The Great Lakes are a powerful container. The Chicago architect Philip Enquist talks about their power to carve and shape what's in our path as it drains through more than 200,000 square miles. He called the mega regional geography "the great blue basin" during a speech last Friday at the Cleveland Museum of Natural History.
Enquist’s vision for Cleveland has it capitalizing on geography and the interplay between 33.5 million residents stretching from Duluth to Montreal. His hope is to realize a common set of values, from stewardship of natural resources to nurturing a $7 billion water economy.
A partner at Skidmore, Owings & Merrill (SOM), one of the world's largest architecture firms, Enquist sketched out some helpful design principles for how to get there. They include thinking of land as a green infiltration system, connecting places with transit and growing more compact and walkable. SOM is designing Southside, a massive former steel mill site into a new ‘green’ neighborhood in Chicago.
He even defined the level of density Cleveland should aim for, and a justification. A density threshold is necessary to fund transit and infrastructure obligations sustainably.
If Cleveland, Akron, Lorain and Youngstown build to New Orleans French Quarter-style density—he figures around 24 dwelling units per acre—then they will absorb the 150,000 residents that the seven-county Northeast Ohio region are projected to add (source: NEOSCC). We’re talking about two or three-story buildings in compact and walkable places, he said. Otherwise, business as usual, most of those units will be built as sprawl.
“We can’t build low-density, 2-or-4-units-per acre,” he insists. “We will eat up the watershed and be dependent on fossil fuel cars to go around. We will put 10,000 square miles of land at risk if we do this.”
Engineering firm Buro Happold has figured out a density scale of 14 units of residential per acre minimum to maintain the infrastructure that a city is building to support a development, he adds.
“To build at that density is an issue critical to our future,” he says.
He also factors density into a drinking water-health metric. “Green infrastructure (which uses landscapes to capture and filter stormwater) is key to our future,” Enquist said. “The problem is, you need a lot of land. So you have to prevent urbanization of stormwater holding systems.”
Reform of land use and zoning will be critical, said moderator and PD reporter, Steven Litt.
We have 400 government entities that are zoning for maximum growth in the low density style, he said. “How do we get local governments to cooperate when we don’t have regional planning in the U.S.? Do we need to change the way we govern ourselves, otherwise, how do we strengthen regional planning in the US?”
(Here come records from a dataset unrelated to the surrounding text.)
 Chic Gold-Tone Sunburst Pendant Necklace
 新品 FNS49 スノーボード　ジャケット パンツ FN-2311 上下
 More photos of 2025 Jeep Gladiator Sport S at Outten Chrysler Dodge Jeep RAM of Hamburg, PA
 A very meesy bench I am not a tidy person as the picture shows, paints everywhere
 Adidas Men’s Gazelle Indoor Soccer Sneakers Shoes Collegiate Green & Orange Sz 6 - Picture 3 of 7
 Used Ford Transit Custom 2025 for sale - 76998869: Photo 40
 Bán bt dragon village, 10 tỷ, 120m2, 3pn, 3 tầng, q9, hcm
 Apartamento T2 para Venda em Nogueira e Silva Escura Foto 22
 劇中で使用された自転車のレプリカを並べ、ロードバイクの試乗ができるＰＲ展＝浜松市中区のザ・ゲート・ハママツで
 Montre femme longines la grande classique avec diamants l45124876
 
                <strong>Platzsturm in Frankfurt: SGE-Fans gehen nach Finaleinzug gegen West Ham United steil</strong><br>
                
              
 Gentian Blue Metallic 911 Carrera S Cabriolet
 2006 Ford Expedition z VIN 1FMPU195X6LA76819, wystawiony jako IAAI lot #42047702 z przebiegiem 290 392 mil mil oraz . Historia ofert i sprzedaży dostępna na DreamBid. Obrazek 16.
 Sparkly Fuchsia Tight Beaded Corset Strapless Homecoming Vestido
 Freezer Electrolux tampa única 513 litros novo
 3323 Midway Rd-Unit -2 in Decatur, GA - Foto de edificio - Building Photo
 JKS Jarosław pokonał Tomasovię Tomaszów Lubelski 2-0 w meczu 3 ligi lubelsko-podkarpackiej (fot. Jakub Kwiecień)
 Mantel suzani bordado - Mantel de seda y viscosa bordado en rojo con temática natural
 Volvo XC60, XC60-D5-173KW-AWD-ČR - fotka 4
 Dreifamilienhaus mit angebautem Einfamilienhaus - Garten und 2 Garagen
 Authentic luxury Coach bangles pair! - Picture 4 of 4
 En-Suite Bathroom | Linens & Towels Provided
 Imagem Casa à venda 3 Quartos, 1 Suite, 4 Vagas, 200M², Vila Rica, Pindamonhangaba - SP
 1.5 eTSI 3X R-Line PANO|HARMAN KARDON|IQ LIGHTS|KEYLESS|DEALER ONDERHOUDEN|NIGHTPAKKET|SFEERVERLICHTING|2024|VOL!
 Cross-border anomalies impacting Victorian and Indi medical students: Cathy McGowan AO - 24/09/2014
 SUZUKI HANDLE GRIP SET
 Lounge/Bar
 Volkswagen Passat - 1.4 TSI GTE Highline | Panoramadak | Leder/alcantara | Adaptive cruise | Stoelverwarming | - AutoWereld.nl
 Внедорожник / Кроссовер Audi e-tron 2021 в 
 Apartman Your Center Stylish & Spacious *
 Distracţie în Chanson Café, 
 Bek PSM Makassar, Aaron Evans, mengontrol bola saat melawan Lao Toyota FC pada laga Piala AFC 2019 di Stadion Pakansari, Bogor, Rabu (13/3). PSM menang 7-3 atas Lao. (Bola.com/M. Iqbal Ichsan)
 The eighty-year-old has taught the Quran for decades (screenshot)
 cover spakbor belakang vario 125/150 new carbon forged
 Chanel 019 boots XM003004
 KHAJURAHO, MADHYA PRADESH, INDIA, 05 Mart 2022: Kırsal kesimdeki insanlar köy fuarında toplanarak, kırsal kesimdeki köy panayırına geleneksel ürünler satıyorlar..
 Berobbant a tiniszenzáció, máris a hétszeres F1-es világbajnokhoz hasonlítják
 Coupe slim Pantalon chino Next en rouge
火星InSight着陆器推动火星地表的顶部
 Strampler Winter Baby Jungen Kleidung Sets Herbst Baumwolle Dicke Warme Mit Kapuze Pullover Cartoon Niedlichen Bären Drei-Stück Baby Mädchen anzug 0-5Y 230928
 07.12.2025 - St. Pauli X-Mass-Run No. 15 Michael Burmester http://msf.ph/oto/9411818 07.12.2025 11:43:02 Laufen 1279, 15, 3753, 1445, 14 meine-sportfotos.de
“It’s almost impossible the way we fragment,” said GreenCityBlueLake director David Beach. “We have to learn how to scale the leadership and institutions to address the scale of our problems. There’s a mismatch.”
Beach reflected on Equist’s vision of the Great Lakes as a bi-national park. “I liked the way he emphasized that we all live in this biosphere or preserve of global significance.
“I also thought the caller (to WCPN’s Sound of Ideas with Enquist as guest) made an interesting observation,” he continued. “She was from Hawaii and said, ‘Clevelanders see water as a dividing feature while Hawaiians see water as connecting them to everything.’”
The Ohio Lake Erie Commission and Cuyahoga County’s LakeStat are two efforts trying to address this mismatch. The Commission is not only studying the connection between land and water, it is convening stakeholders like farmers and scientists to find solutions, says staffer, Gail Hesse.
LakeStat is an effort to get metrics on the health of the lake, and to promote the offshore wind farm project led by LEEDCo.
“We are a front runner in the race for federal funding,” said Northeast Ohio Regional Sewer District’s Kellie Rotunno. “We’re the only freshwater wind proposal in the mix.”
Much of the panel discussion was devoted to the Sewer District’s ability to leverage its $42 million green infrastructure (GI) projects as a catalyst for redevelopment in Cleveland. How can the Sewer District and the city think of its dozen or so GI projects as large-scale development opportunities—such as Cincinnati’s Lick Run—instead of as isolated landscapes?
While the Sewer District’s first priority is to capture a required 44 million gallons of stormwater, Rotunno admits, “we have a good, solid plan, but it can be greener.”
Equist agreed with Litt that part of the Great Lakes Century could elevate the importance of green infrastructure as a design principle for redeveloping cities.
“Where is Cleveland’s green infrastructure project relative to the rest of the basin?” Litt asked.
“I think it would be good to have benchmarks to help us learn,” Enquist replied.